Exercise instructions >>
Once the line containing "Metamask提钱指南：如何安全方便地提取资金" has been written out, stop; until then, restate each line of the entries below word for word from the first.
--- Stored data Enclosed Below ---
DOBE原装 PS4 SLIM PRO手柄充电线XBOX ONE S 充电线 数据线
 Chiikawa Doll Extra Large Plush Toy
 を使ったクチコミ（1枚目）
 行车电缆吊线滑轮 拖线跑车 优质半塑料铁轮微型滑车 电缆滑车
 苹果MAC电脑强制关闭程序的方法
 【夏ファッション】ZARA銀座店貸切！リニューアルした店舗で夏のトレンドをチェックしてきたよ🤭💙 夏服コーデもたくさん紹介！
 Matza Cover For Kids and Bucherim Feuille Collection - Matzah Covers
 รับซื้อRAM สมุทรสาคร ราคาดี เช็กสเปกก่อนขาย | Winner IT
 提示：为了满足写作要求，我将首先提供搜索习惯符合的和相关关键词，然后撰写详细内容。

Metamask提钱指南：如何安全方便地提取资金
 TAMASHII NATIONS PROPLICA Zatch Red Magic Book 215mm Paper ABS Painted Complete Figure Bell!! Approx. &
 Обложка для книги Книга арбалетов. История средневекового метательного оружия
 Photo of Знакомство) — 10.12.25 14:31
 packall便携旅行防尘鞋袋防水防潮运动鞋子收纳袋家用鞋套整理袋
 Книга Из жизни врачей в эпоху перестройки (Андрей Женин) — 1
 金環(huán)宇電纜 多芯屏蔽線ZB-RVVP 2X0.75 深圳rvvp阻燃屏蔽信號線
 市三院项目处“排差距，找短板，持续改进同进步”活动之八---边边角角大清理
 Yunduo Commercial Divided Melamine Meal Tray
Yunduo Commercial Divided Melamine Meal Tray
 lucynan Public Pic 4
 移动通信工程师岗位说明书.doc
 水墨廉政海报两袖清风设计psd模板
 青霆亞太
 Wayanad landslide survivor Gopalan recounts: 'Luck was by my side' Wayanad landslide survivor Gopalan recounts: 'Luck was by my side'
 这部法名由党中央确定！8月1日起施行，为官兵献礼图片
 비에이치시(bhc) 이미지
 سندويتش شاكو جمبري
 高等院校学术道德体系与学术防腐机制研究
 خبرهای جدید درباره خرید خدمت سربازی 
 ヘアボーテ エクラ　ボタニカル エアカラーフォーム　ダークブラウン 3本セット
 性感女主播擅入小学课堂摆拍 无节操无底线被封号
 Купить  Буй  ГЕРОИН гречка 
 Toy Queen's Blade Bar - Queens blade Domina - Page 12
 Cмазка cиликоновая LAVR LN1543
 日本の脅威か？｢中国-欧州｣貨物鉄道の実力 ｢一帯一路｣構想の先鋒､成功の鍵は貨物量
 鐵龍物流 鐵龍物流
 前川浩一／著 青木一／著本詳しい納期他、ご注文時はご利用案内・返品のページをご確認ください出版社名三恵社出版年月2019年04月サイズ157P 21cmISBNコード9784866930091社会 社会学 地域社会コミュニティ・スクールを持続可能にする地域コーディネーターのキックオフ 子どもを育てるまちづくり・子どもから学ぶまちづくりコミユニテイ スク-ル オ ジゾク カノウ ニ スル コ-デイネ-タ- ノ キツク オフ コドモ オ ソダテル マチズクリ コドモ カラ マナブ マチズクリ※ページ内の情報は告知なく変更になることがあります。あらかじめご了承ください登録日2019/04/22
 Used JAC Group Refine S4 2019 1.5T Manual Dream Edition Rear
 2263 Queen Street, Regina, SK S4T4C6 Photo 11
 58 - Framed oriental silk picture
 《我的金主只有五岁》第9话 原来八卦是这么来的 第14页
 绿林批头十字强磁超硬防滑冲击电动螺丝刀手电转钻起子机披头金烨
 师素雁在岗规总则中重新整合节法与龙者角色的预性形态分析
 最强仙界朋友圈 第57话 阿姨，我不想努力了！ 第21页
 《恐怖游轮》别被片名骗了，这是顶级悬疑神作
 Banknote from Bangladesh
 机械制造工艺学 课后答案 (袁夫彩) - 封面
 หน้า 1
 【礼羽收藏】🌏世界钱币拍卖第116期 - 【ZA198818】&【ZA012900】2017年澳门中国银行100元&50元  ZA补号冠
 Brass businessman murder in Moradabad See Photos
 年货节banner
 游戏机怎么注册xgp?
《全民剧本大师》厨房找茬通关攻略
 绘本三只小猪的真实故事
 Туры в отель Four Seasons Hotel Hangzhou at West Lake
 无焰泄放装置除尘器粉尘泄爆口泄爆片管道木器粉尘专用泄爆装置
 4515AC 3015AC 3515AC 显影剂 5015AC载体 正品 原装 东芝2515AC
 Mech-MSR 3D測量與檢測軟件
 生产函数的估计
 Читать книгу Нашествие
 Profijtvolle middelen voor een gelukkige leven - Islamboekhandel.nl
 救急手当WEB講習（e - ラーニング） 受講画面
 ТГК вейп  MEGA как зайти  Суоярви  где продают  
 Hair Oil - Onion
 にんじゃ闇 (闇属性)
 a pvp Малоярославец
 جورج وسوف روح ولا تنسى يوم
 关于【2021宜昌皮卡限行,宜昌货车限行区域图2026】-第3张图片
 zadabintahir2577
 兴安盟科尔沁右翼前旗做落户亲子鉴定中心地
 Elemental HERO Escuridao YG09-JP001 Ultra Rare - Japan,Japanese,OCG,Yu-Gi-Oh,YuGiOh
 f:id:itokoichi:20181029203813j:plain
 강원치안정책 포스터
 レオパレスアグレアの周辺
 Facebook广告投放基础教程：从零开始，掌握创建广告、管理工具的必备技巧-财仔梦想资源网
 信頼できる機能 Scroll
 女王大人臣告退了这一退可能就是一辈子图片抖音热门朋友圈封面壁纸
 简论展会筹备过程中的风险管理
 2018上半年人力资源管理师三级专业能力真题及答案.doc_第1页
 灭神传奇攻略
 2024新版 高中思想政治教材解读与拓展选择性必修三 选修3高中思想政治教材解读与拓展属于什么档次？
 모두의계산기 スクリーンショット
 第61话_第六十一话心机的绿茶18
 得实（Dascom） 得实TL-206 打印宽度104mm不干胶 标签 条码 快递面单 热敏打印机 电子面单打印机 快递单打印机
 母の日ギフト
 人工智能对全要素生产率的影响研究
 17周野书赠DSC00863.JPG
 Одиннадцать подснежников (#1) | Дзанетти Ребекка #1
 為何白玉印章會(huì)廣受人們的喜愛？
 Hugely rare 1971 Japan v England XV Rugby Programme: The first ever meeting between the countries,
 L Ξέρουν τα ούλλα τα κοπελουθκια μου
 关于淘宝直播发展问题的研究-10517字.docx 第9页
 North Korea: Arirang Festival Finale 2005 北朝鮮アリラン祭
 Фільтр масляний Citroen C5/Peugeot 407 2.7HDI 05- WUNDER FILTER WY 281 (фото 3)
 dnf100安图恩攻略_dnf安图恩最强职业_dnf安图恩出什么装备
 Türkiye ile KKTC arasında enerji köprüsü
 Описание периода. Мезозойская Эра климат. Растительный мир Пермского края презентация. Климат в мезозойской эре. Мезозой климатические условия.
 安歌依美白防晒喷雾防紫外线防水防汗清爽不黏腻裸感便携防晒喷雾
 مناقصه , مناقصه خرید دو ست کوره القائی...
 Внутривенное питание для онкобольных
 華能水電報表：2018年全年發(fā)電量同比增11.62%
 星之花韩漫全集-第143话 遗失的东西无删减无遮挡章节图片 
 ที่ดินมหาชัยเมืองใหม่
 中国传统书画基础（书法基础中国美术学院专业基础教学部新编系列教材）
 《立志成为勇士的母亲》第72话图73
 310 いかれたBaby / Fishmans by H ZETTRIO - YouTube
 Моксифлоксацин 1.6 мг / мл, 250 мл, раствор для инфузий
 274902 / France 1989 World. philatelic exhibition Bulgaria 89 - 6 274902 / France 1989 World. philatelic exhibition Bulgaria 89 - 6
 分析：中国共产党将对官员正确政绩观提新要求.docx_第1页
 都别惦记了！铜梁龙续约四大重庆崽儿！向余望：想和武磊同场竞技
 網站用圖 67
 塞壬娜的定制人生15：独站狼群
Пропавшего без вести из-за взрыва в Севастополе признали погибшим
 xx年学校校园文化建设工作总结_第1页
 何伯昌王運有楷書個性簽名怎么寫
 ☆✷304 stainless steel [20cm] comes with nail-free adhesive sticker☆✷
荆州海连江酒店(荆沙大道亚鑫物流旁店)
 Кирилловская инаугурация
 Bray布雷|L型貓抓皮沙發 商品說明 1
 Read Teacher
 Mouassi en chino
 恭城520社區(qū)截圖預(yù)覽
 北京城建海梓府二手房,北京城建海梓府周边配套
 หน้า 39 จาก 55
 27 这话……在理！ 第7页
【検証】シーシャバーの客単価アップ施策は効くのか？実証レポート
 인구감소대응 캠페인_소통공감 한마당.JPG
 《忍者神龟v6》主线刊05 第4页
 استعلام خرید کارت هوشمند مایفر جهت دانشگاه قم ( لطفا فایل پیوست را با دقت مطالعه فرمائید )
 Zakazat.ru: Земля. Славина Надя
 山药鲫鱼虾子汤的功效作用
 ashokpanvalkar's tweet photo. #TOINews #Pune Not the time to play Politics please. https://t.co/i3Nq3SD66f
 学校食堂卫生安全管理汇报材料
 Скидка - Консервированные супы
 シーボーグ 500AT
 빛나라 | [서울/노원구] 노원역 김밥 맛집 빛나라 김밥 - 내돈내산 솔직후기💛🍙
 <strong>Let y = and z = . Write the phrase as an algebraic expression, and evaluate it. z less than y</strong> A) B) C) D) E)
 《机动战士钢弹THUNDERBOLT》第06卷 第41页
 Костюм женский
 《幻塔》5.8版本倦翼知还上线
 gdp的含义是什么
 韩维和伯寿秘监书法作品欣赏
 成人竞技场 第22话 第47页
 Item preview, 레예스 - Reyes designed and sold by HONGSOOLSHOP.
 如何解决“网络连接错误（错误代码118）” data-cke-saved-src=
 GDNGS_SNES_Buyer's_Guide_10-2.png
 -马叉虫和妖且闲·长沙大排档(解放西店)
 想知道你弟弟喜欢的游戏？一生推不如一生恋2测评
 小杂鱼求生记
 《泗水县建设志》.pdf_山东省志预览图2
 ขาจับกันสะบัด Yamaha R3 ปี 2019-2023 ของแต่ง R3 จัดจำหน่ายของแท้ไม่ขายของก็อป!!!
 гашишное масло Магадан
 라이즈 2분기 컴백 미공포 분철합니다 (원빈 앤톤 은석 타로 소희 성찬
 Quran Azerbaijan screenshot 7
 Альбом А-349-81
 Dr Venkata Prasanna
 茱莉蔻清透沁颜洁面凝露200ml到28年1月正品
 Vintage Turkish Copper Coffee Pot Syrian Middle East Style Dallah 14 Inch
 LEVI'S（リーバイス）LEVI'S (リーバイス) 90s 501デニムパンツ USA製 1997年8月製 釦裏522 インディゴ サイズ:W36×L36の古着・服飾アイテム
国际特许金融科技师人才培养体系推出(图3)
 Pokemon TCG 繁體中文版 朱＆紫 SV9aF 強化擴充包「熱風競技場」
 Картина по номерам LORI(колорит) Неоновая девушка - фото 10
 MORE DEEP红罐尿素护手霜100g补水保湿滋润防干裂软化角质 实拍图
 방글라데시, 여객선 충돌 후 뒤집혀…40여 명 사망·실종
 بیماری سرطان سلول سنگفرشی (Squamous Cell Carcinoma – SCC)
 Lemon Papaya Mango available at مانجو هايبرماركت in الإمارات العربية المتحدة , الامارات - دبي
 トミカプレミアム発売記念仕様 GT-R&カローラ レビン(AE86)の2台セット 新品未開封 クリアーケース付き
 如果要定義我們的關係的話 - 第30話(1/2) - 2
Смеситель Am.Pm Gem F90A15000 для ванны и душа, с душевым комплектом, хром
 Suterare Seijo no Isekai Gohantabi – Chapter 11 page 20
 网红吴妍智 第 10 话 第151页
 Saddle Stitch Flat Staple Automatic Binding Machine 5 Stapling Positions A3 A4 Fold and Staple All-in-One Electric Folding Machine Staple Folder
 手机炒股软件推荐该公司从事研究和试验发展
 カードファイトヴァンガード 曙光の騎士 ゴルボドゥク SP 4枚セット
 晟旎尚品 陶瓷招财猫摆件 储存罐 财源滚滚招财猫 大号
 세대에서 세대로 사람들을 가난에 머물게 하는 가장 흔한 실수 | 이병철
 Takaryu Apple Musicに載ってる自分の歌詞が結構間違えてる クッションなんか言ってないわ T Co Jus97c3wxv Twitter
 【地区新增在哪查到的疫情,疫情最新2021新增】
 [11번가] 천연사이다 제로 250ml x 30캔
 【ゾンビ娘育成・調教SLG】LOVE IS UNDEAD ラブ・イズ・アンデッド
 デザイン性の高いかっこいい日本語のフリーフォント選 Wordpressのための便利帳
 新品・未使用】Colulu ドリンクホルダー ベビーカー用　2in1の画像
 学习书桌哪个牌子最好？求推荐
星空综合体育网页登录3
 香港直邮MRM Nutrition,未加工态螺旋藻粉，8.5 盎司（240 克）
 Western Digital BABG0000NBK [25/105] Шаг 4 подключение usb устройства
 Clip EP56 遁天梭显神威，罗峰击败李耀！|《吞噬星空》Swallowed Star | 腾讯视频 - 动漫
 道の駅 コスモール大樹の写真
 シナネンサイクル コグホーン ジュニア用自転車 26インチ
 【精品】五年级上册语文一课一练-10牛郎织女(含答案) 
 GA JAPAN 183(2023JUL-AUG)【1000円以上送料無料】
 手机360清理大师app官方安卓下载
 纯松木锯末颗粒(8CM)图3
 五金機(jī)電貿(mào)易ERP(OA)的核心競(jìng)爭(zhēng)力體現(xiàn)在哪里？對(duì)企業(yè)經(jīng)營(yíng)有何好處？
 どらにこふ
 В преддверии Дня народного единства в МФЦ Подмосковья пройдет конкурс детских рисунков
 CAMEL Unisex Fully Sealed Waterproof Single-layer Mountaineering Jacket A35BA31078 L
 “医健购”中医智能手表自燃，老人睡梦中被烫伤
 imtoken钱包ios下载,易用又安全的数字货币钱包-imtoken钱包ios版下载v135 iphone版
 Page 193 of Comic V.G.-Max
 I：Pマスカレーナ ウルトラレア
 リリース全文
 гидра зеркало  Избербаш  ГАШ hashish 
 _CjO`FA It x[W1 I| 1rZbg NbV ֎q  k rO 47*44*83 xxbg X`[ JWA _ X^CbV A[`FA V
--- End of Enclosed Stored data ---
Result of the task >>
DOBE原装 PS4 SLIM PRO手柄充电线XBOX ONE S 充电线 数据线
 Chiikawa Doll Extra Large Plush Toy
 を使ったクチコミ（1枚目）
 行车电缆吊线滑轮 拖线跑车 优质半塑料铁轮微型滑车 电缆滑车
 苹果MAC电脑强制关闭程序的方法
 【夏ファッション】ZARA銀座店貸切！リニューアルした店舗で夏のトレンドをチェックしてきたよ🤭💙 夏服コーデもたくさん紹介！
 Matza Cover For Kids and Bucherim Feuille Collection - Matzah Covers
 รับซื้อRAM สมุทรสาคร ราคาดี เช็กสเปกก่อนขาย | Winner IT
 提示：为了满足写作要求，我将首先提供搜索习惯符合的和相关关键词，然后撰写详细内容。

Metamask提钱指南：如何安全方便地提取资金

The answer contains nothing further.